Interacting with Llama 3.2
You can use the Ollama terminal interface to interact with Llama 3.2 1B or 3B. Run the ollama run llama3.2 command and enter your prompt, such as “When was Meta founded?” Next, try some follow-up questions that require the previous session context to answer correctly, like “How old is its founder?” and “What is their estimated net worth?”
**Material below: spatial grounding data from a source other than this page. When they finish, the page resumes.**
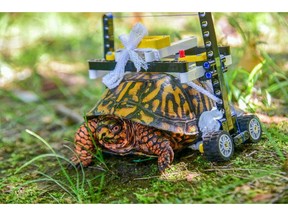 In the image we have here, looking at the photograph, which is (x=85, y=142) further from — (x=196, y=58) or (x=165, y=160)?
(x=196, y=58)

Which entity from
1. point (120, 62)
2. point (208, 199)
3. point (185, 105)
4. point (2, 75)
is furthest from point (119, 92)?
point (2, 75)

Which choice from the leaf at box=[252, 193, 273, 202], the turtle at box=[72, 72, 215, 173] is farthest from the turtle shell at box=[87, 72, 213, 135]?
the leaf at box=[252, 193, 273, 202]

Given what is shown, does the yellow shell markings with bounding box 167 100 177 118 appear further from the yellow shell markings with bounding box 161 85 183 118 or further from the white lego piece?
the white lego piece

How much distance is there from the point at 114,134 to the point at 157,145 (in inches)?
7.0

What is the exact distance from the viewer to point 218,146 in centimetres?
207

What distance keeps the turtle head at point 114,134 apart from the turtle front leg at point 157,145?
61 millimetres

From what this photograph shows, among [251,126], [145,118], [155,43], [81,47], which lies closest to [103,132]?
[145,118]

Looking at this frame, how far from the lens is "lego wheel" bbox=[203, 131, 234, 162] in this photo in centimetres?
207

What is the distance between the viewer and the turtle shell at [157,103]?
7.08ft

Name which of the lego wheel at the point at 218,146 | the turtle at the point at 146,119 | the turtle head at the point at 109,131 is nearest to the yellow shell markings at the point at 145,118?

Llama 3.2 with Streamlit and LangChain
Although interacting with Llama 3.2 using the terminal interface is straightforward, it is not visually appealing. Streamlit and Gradio are very popular tools for quickly building sophisticated user interfaces (UIs) for Generative AI POCs and MVPs. We will use Streamlit and LangChain to interact with the Llama 3.2 1B and 3B models using a chat application I have written in Python, app.py. All code is available on GitHub.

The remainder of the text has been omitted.